■ DATA TO PROCESS ■
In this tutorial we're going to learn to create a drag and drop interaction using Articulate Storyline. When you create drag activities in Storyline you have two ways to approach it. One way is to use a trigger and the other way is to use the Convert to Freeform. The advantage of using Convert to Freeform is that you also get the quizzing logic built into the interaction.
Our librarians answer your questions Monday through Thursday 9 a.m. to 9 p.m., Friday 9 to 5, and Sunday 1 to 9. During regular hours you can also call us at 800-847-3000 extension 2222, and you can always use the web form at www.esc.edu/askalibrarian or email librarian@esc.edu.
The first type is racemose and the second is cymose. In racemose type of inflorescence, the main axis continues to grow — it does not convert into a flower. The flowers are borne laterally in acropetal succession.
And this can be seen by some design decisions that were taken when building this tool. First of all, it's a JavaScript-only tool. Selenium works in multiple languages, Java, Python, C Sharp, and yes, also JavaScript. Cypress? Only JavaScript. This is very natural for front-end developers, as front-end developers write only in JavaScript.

---

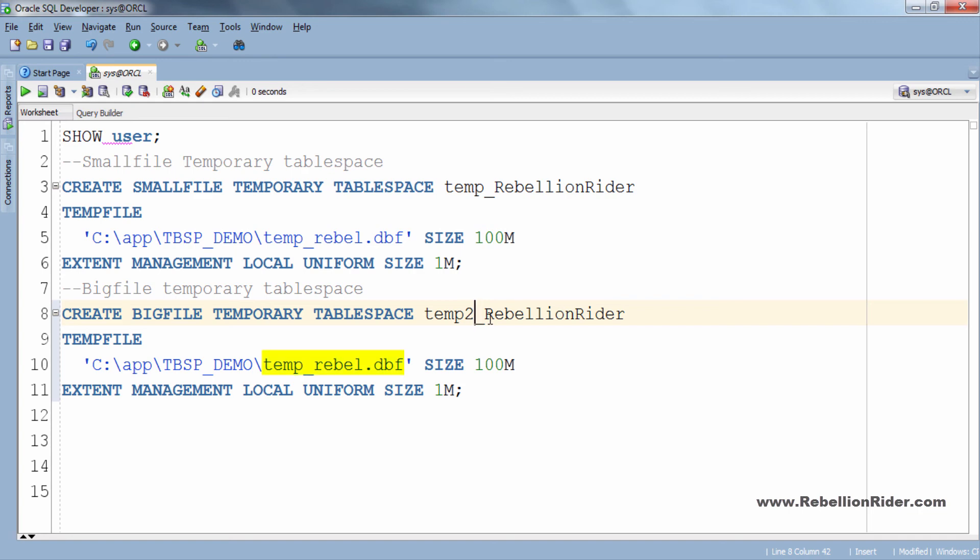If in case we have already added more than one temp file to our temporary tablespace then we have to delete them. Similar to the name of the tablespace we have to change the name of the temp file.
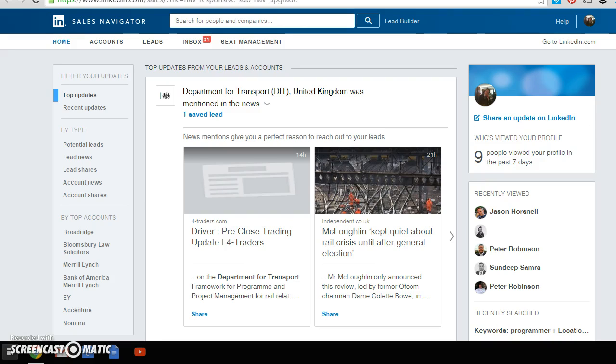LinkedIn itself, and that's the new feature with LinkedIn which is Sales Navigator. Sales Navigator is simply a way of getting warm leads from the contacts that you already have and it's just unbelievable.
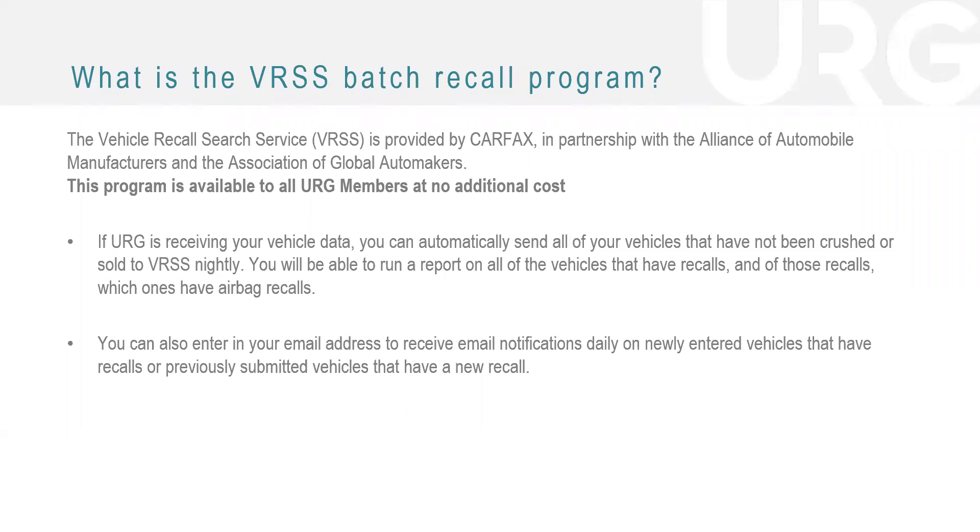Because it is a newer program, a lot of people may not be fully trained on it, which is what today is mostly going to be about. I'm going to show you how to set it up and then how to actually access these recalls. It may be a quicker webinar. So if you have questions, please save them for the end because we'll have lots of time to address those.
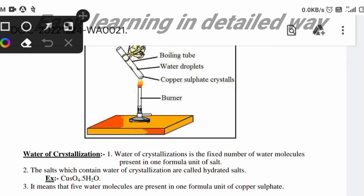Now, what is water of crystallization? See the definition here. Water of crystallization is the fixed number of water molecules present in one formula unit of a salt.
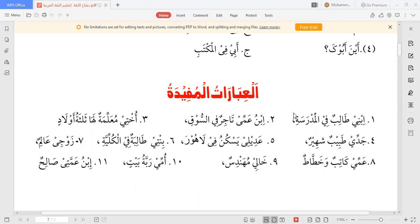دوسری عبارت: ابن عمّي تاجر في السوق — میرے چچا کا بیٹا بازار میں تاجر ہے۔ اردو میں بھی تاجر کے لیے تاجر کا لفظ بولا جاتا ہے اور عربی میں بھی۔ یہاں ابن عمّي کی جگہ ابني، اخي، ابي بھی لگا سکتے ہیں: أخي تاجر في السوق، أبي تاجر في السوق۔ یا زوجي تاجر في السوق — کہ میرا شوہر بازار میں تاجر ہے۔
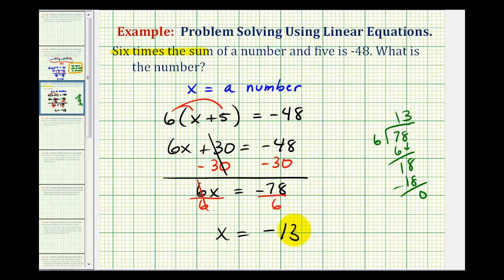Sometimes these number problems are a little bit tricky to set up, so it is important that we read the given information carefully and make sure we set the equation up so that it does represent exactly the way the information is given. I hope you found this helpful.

■ WHAT TO WORK ON ■
Transcribe, word for word, the lines of the listing above from the one that contains "Now, what is" through the one that contains "Sometimes these number", keeping both ends and dropping the pictures.

■ ANSWER TO THIS PROBLEM ■
Now, what is water of crystallization? See the definition here. Water of crystallization is the fixed number of water molecules present in one formula unit of a salt.
دوسری عبارت: ابن عمّي تاجر في السوق — میرے چچا کا بیٹا بازار میں تاجر ہے۔ اردو میں بھی تاجر کے لیے تاجر کا لفظ بولا جاتا ہے اور عربی میں بھی۔ یہاں ابن عمّي کی جگہ ابني، اخي، ابي بھی لگا سکتے ہیں: أخي تاجر في السوق، أبي تاجر في السوق۔ یا زوجي تاجر في السوق — کہ میرا شوہر بازار میں تاجر ہے۔
Sometimes these number problems are a little bit tricky to set up, so it is important that we read the given information carefully and make sure we set the equation up so that it does represent exactly the way the information is given. I hope you found this helpful.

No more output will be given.